Sur YouTube, 2 millions d’internautes ont visionné votre explication d’une heure sur le boson de Higgs… Réjouissant, non?

Etienne Klein: Cet exemple me conforte dans l’idée que les découvertes scientifiques, y compris les plus complexes, peuvent être appréhendées par chacun. Et cela montre aussi que la vulgarisation de la physique est victime non d’un désintérêt mais bien d’une crise de la patience: ce n’est pas en une phrase que l’on peut expliquer le boson de Higgs. J’ai été frappé, lors de l’annonce de la découverte en juillet 2012, de la brièveté des explications dans les médias français. Quand la chaîne Thinkerview m’a demandé une explication en 30 secondes, j’ai refusé, proposant de revenir avec une craie et un tableau noir…

Votre conférence mercredi à Fribourg fera probablement salle comble. Alors pourquoi votre livre se montre-t-il si inquiet sur la transmission des connaissances scientifiques?

On écrit des livres, les gens les lisent, viennent aux conférences, posent des questions. Donc on se dit que la vulgarisation fonctionne! Il y a pourtant un biais, celui du survivant de l’enseignement des sciences à l’école, qui veut que la vulgarisation scientifique n’intéresse… que ceux que la vulgarisation scientifique intéresse. C’est un truisme, mais qui dit bien ce que la crise du Covid a révélé: il y a aussi toute une partie de la population qui manque de culture scientifique au point de s’abreuver à des sources fallacieuses.

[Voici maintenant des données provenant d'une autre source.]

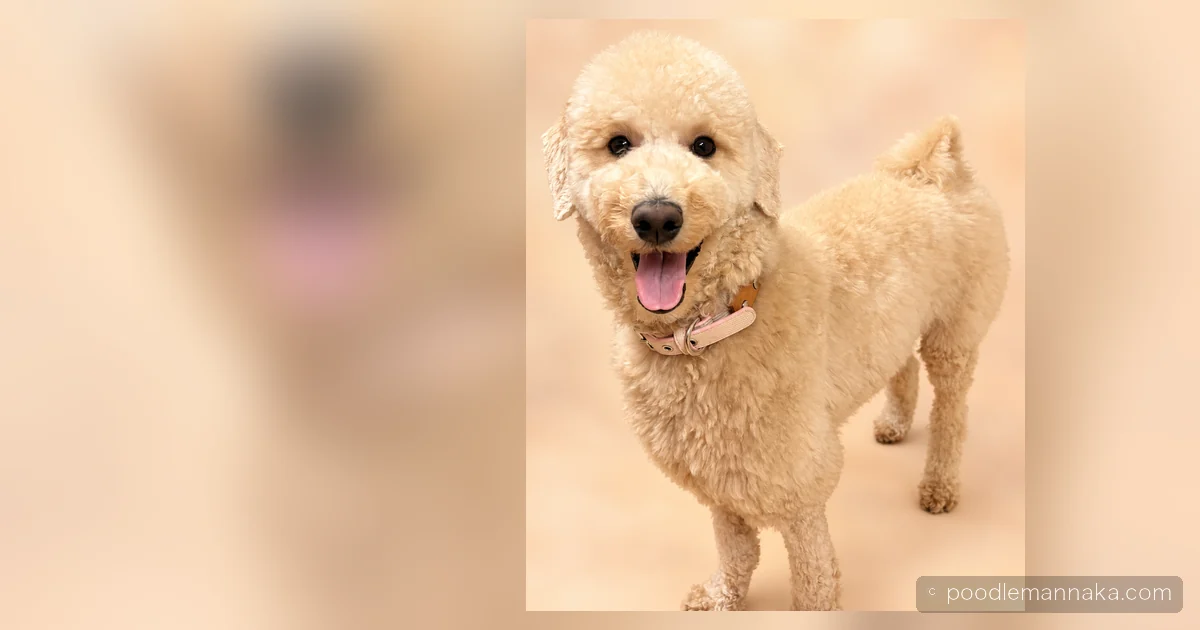 小型犬と中型犬の間のサイズ感が分かるぽてとの全身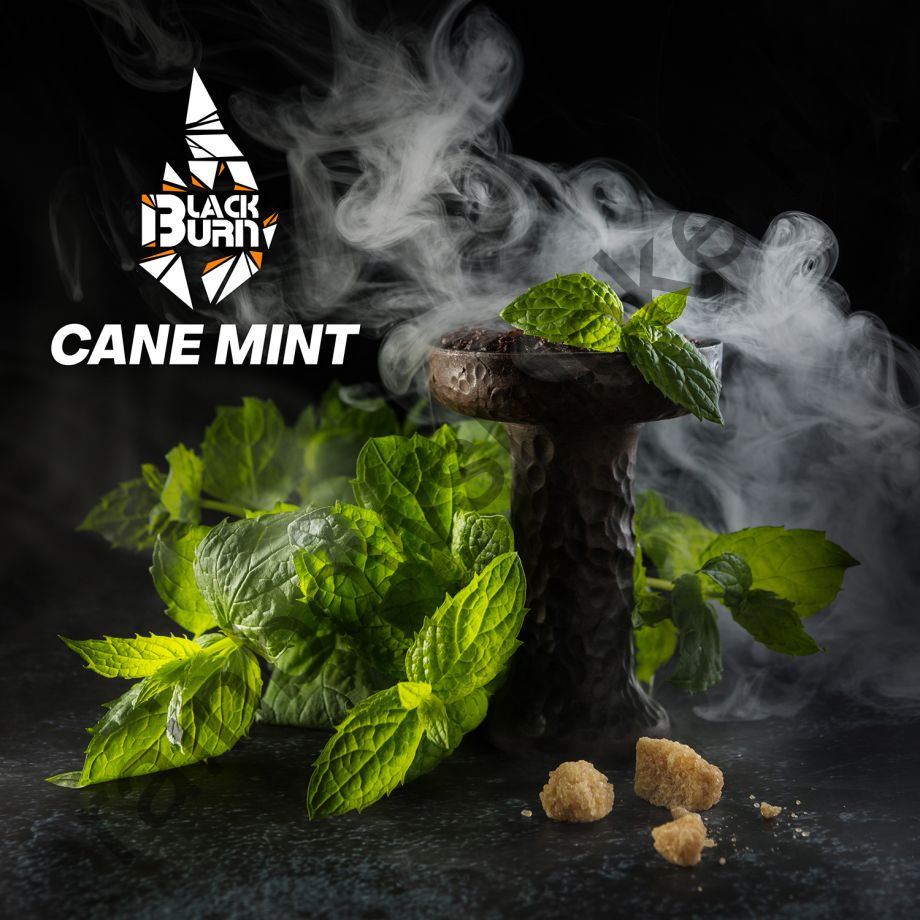 Black Burn 25 гр - Cane Mint (Тростниковая Мята)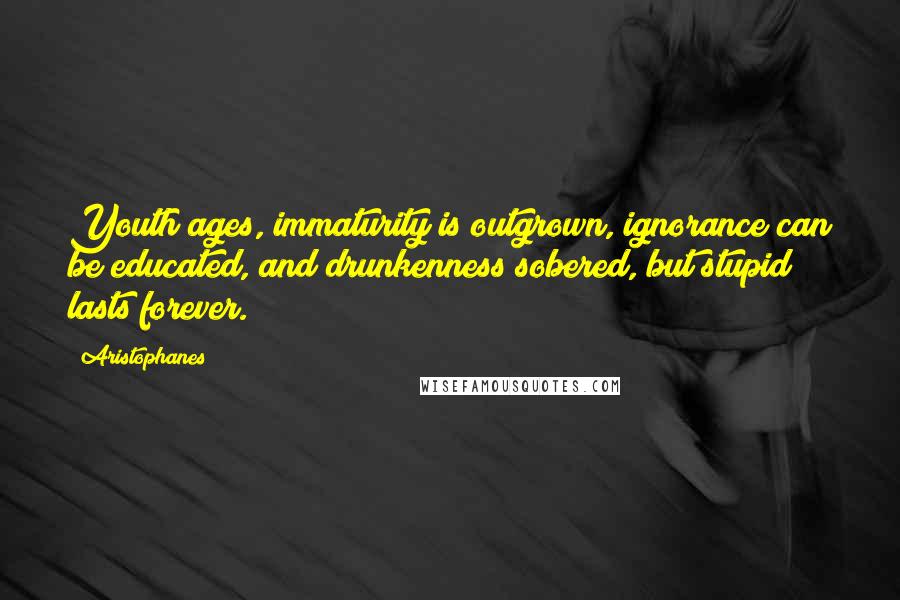 Aristophanes quotes: Youth ages, immaturity is outgrown, ignorance can be educated, and drunkenness sobered, but stupid lasts forever. Aristophanes quotes: Youth ages, immaturity is outgrown, ignorance can be educated, and drunkenness sobered, but stupid lasts forever.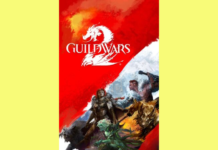 Fix Guild Wars 2 issues in Windows 10 with our easy steps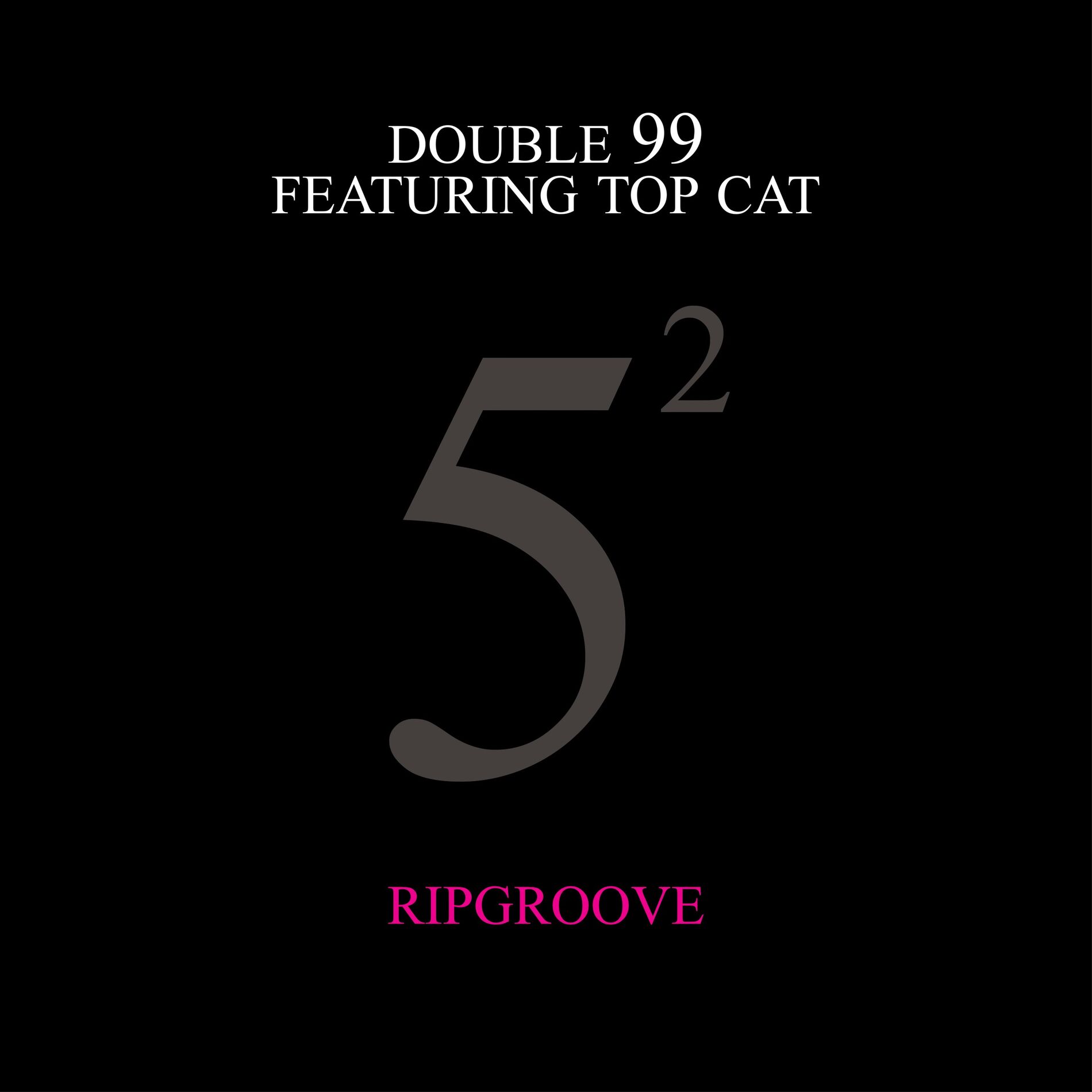 Album cover of Ripgroove (25th Anniversary)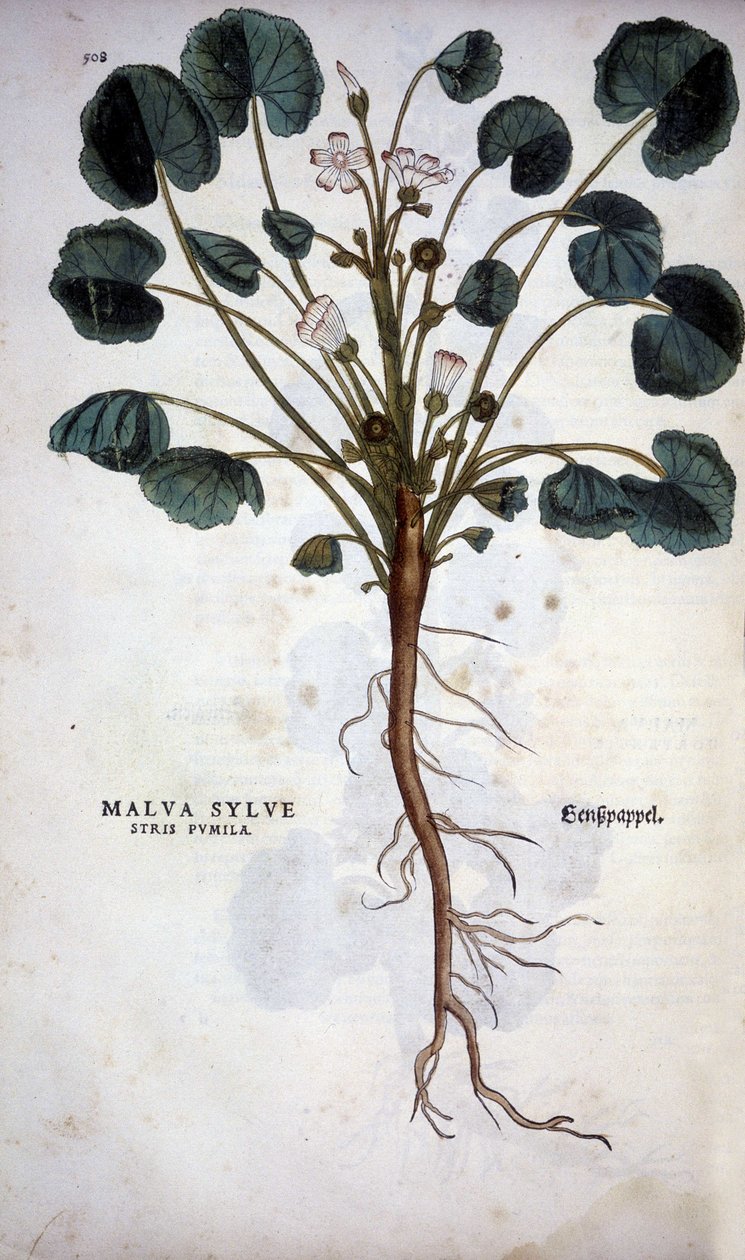 Malva Sylvestre (Great Purple) - i ""De Historia Stirpium insignia"" av Leonhart Fuchs av Leonhard Fuchs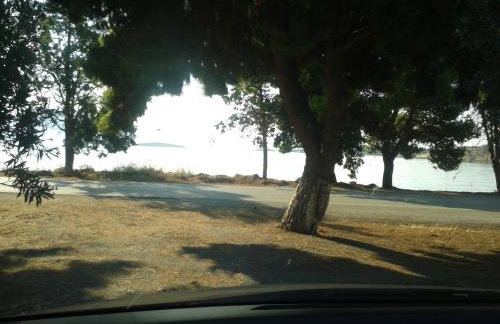 Elea Guesthouse - Photo 38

En 2022, vous avez d’ailleurs posté sur Twitter la photographie d’une tranche de chorizo en la faisant passer pour l’étoile Proxima du Centaure…

Il m’a été reproché d’avoir diffusé une fake new, or c’était bel et bien un canular, car avoué en tant que tel. Une blague qui a pris des proportions monstrueuses, et qui a mis à nu la puissance de nos biais cognitifs aussi bien que l’inculture scientifique du grand public. Dans le même genre, on a vu apparaître récemment en France une crème «quantique» vendue par Guerlain. Là j’ai bien cru à un canular! Mais j’ai découvert qu’il s’agissait d’un véritable argument de vente pour une crème cosmétique vendue 13 000 euros le litre, qui trompe le consommateur en profitant du halo symbolique du mot «quantique» sans que personne soit capable de dire en quoi elle l’est.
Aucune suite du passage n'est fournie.